1) A ministry of teaching and encouragement: This names our primary motivational gifts to the Body of Christ. We are teachers and encouragers. No matter what we do, we find ourselves functioning in these gifts. As we prepare a Shabbat seder, we look for ways we can communicate truths to build up and bring a renewed excitement for living as a believer. As we prepare the menu suggestions, we find ourselves wanting to explain "kosher," not just suggest menu guidelines for a shabbat meal. We teach, and we just can't help ourselves ---
2) Focused on understanding from the perspective of grace: Jesus said He came to fulfill the law. Our focus is to see Him, not to argue details of law. Hence, we are not what most would consider as “Torah observant” in lifestyle or teaching. As “Gentiles" grafted in to the blessings, we simply seek to understand those blessings more fully.

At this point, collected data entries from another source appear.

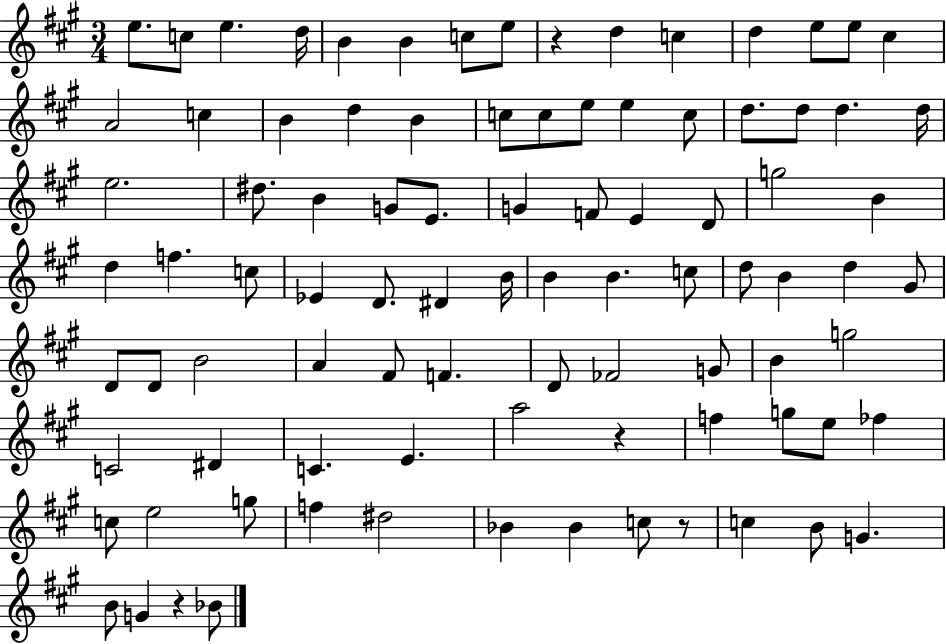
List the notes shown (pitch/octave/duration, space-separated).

E5/e. C5/e E5/q. D5/s B4/q B4/q C5/e E5/e R/q D5/q C5/q D5/q E5/e E5/e C#5/q A4/h C5/q B4/q D5/q B4/q C5/e C5/e E5/e E5/q C5/e D5/e. D5/e D5/q. D5/s E5/h. D#5/e. B4/q G4/e E4/e. G4/q F4/e E4/q D4/e G5/h B4/q D5/q F5/q. C5/e Eb4/q D4/e. D#4/q B4/s B4/q B4/q. C5/e D5/e B4/q D5/q G#4/e D4/e D4/e B4/h A4/q F#4/e F4/q. D4/e FES4/h G4/e B4/q G5/h C4/h D#4/q C4/q. E4/q. A5/h R/q F5/q G5/e E5/e FES5/q C5/e E5/h G5/e F5/q D#5/h Bb4/q Bb4/q C5/e R/e C5/q B4/e G4/q. B4/e G4/q R/q Bb4/e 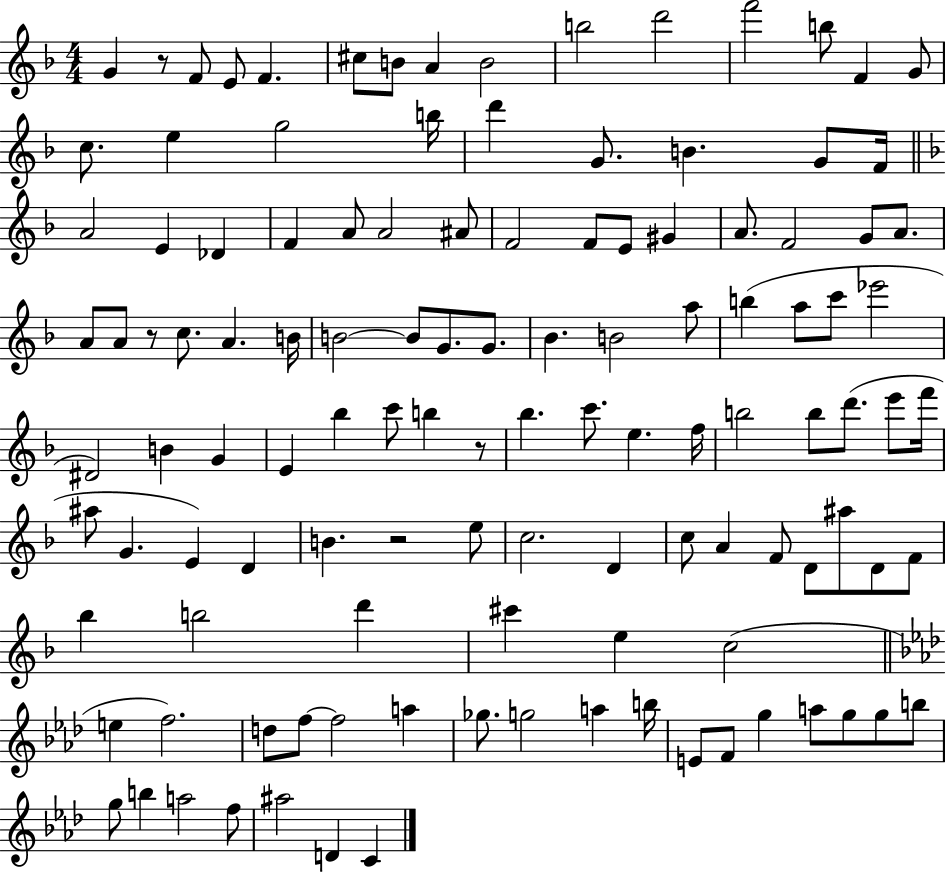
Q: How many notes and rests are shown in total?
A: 119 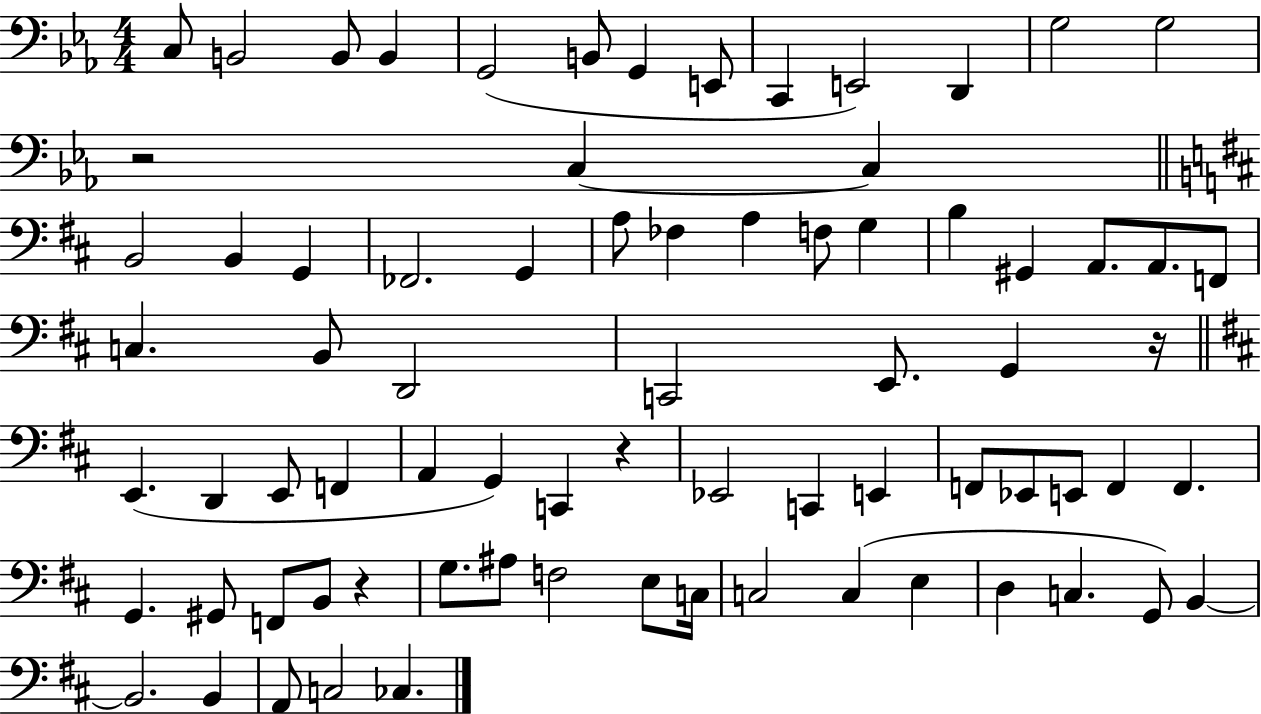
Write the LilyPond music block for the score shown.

{
  \clef bass
  \numericTimeSignature
  \time 4/4
  \key ees \major
  c8 b,2 b,8 b,4 | g,2( b,8 g,4 e,8 | c,4 e,2) d,4 | g2 g2 | \break r2 c4~~ c4 | \bar "||" \break \key d \major b,2 b,4 g,4 | fes,2. g,4 | a8 fes4 a4 f8 g4 | b4 gis,4 a,8. a,8. f,8 | \break c4. b,8 d,2 | c,2 e,8. g,4 r16 | \bar "||" \break \key d \major e,4.( d,4 e,8 f,4 | a,4 g,4) c,4 r4 | ees,2 c,4 e,4 | f,8 ees,8 e,8 f,4 f,4. | \break g,4. gis,8 f,8 b,8 r4 | g8. ais8 f2 e8 c16 | c2 c4( e4 | d4 c4. g,8) b,4~~ | \break b,2. b,4 | a,8 c2 ces4. | \bar "|."
} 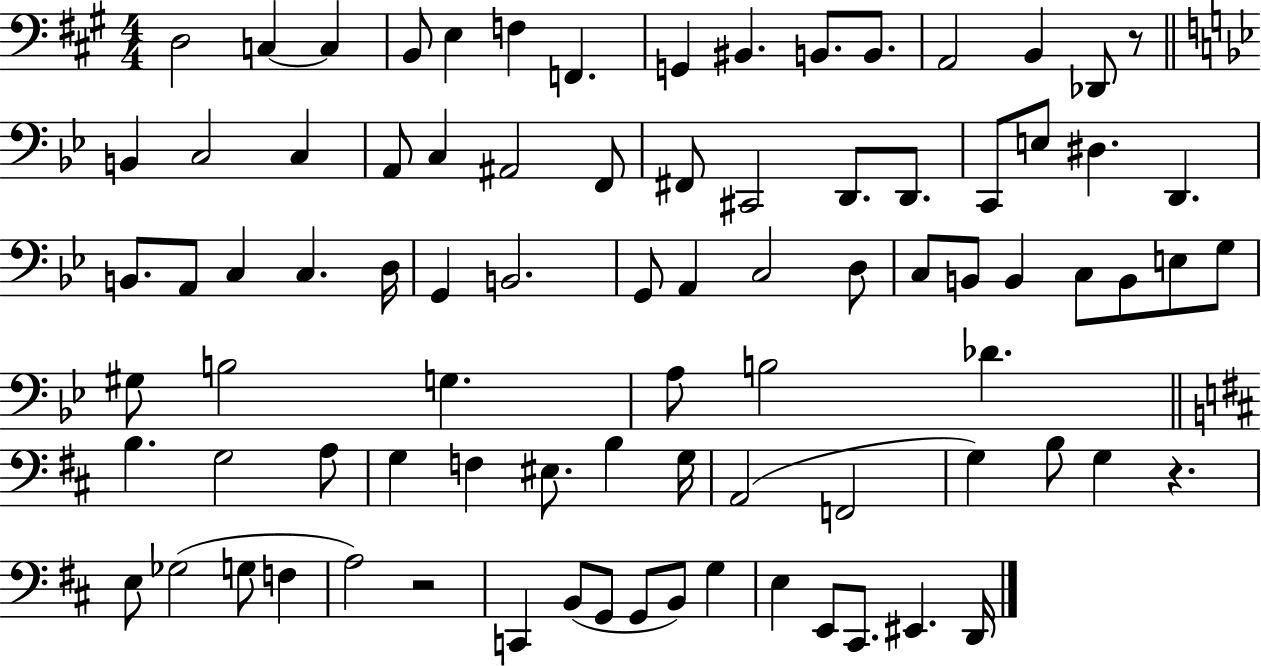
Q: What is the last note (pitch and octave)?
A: D2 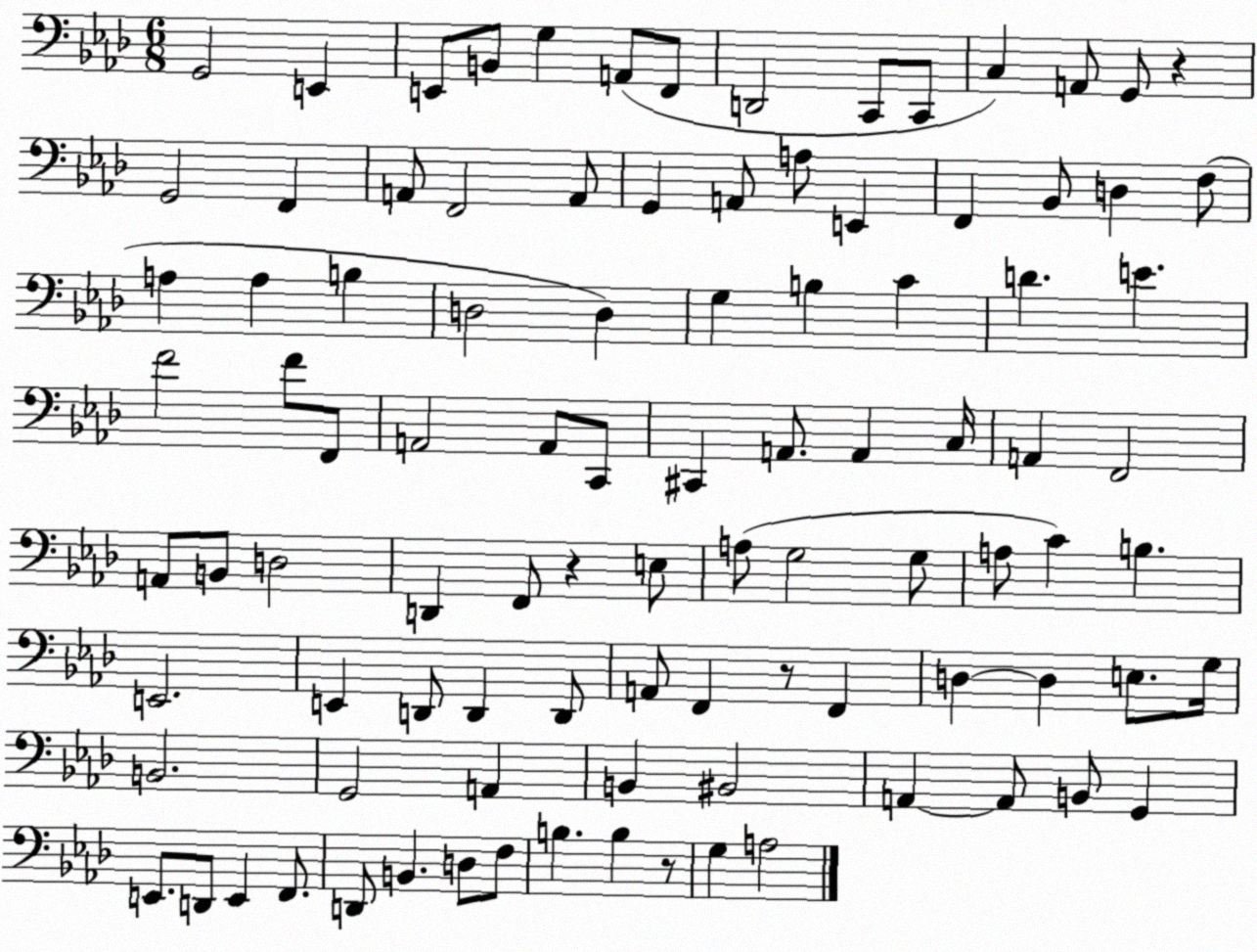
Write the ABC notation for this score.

X:1
T:Untitled
M:6/8
L:1/4
K:Ab
G,,2 E,, E,,/2 B,,/2 G, A,,/2 F,,/2 D,,2 C,,/2 C,,/2 C, A,,/2 G,,/2 z G,,2 F,, A,,/2 F,,2 A,,/2 G,, A,,/2 A,/2 E,, F,, _B,,/2 D, F,/2 A, A, B, D,2 D, G, B, C D E F2 F/2 F,,/2 A,,2 A,,/2 C,,/2 ^C,, A,,/2 A,, C,/4 A,, F,,2 A,,/2 B,,/2 D,2 D,, F,,/2 z E,/2 A,/2 G,2 G,/2 A,/2 C B, E,,2 E,, D,,/2 D,, D,,/2 A,,/2 F,, z/2 F,, D, D, E,/2 G,/4 B,,2 G,,2 A,, B,, ^B,,2 A,, A,,/2 B,,/2 G,, E,,/2 D,,/2 E,, F,,/2 D,,/2 B,, D,/2 F,/2 B, B, z/2 G, A,2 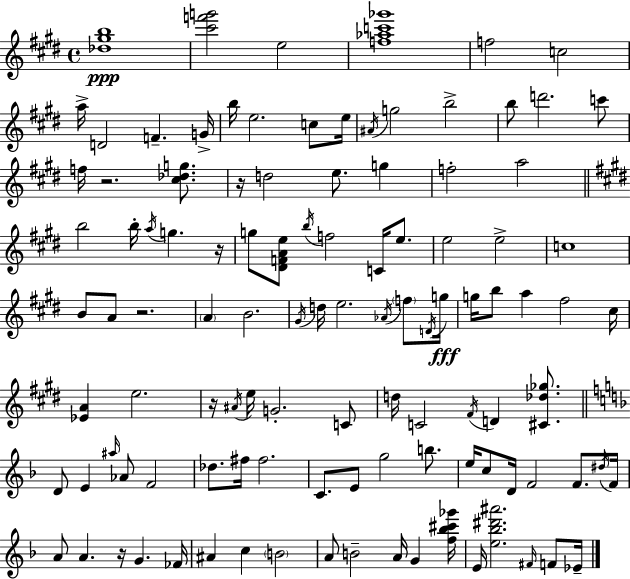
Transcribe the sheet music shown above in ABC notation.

X:1
T:Untitled
M:4/4
L:1/4
K:E
[_d^gb]4 [^c'f'g']2 e2 [f_ac'_g']4 f2 c2 a/4 D2 F G/4 b/4 e2 c/2 e/4 ^A/4 g2 b2 b/2 d'2 c'/2 f/4 z2 [^c_dg]/2 z/4 d2 e/2 g f2 a2 b2 b/4 a/4 g z/4 g/2 [^DFAe]/2 b/4 f2 C/4 e/2 e2 e2 c4 B/2 A/2 z2 A B2 ^G/4 d/4 e2 _A/4 f/2 D/4 g/4 g/4 b/2 a ^f2 ^c/4 [_EA] e2 z/4 ^A/4 e/4 G2 C/2 d/4 C2 ^F/4 D [^C_d_g]/2 D/2 E ^a/4 _A/2 F2 _d/2 ^f/4 ^f2 C/2 E/2 g2 b/2 e/4 c/2 D/4 F2 F/2 ^d/4 F/4 A/2 A z/4 G _F/4 ^A c B2 A/2 B2 A/4 G [f_b^c'_g']/4 E/4 [e_b^d'^a']2 ^F/4 F/2 _E/4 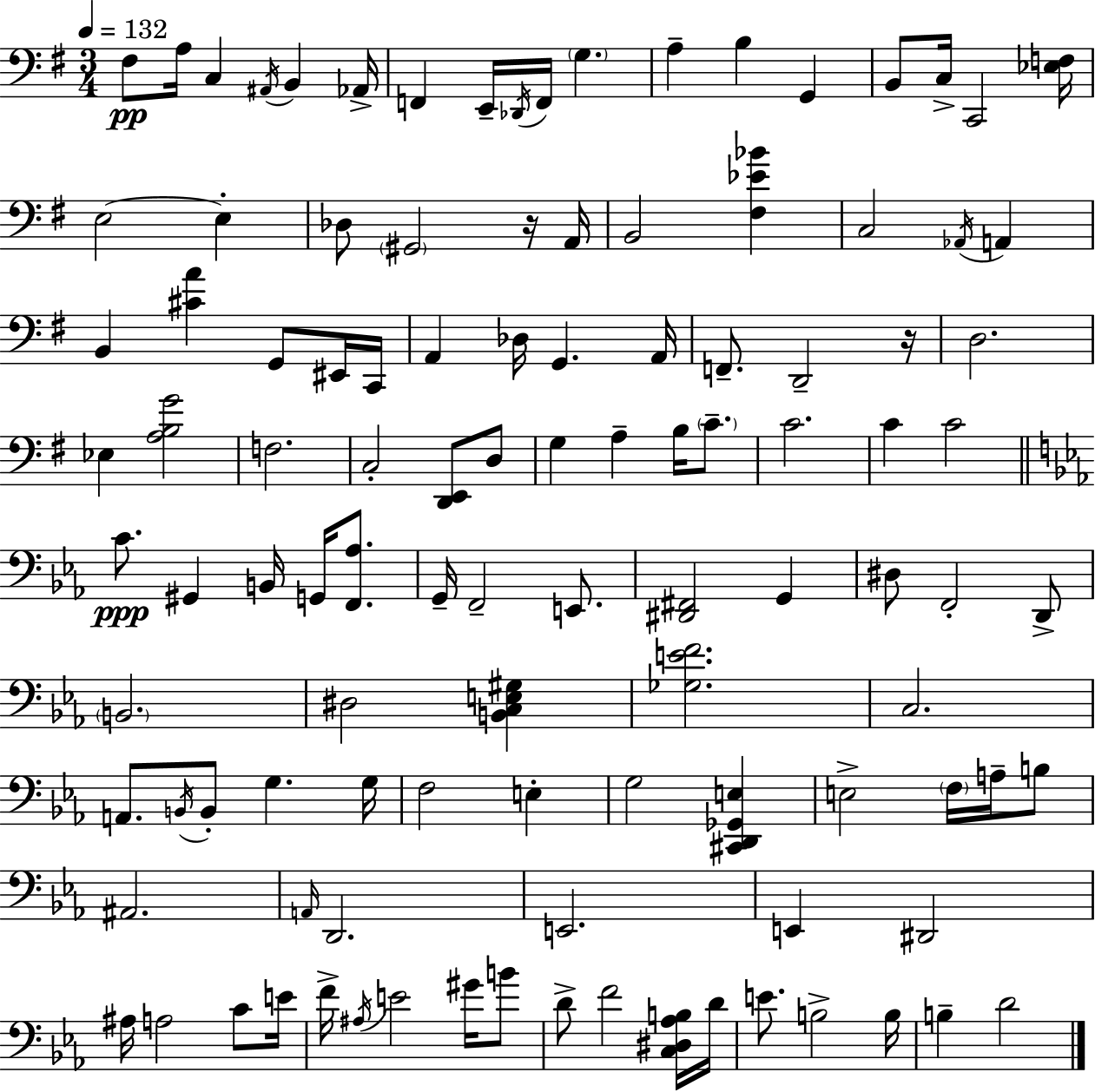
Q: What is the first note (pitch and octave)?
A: F#3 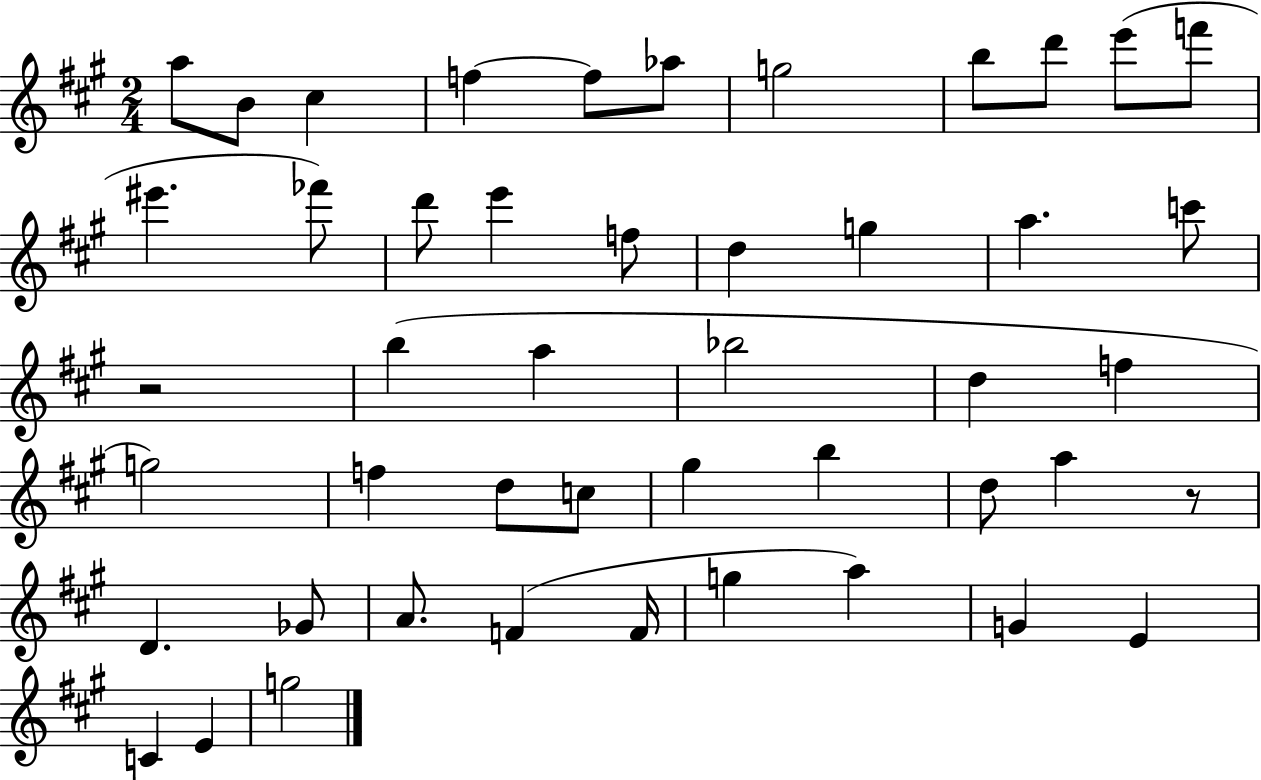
{
  \clef treble
  \numericTimeSignature
  \time 2/4
  \key a \major
  \repeat volta 2 { a''8 b'8 cis''4 | f''4~~ f''8 aes''8 | g''2 | b''8 d'''8 e'''8( f'''8 | \break eis'''4. fes'''8) | d'''8 e'''4 f''8 | d''4 g''4 | a''4. c'''8 | \break r2 | b''4( a''4 | bes''2 | d''4 f''4 | \break g''2) | f''4 d''8 c''8 | gis''4 b''4 | d''8 a''4 r8 | \break d'4. ges'8 | a'8. f'4( f'16 | g''4 a''4) | g'4 e'4 | \break c'4 e'4 | g''2 | } \bar "|."
}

3) The richness and depth of
life found in the law of God: There is such depth in God
and in His Word. Superficial acknowledgement is not
enough for us. We are searching out those things which have
been pushed aside to see what the truth is about, "Hath God
not said . . . ." We have noticed a tendency to ignore that
which is not understood --- it is easier to say, that was
the old and this is the new, but there is truth in the Law of God.
David said, "Your law is life." Either David was wrong
or we have been missing something.
4) Through practical observances of the Moedim (appointed times and seasons): It is not enough to teach from a purely theoretical perspective about the festivals of God. Here we want to offer a full practical experience: "Taste and see that the L-rd is good."
5) The practice of a Davidic worship as led by Ruach HaKodesh (Holy Spirit): In David’s tabernacle ANYONE could enter the presence of God. All were able to worship before the Ark of the Covenant. The professional musicians provided a background where anyone could participate in worship. Their presence was not an exclusionary one. We encourage active participation in worship by all who will come, not just the few on the stage.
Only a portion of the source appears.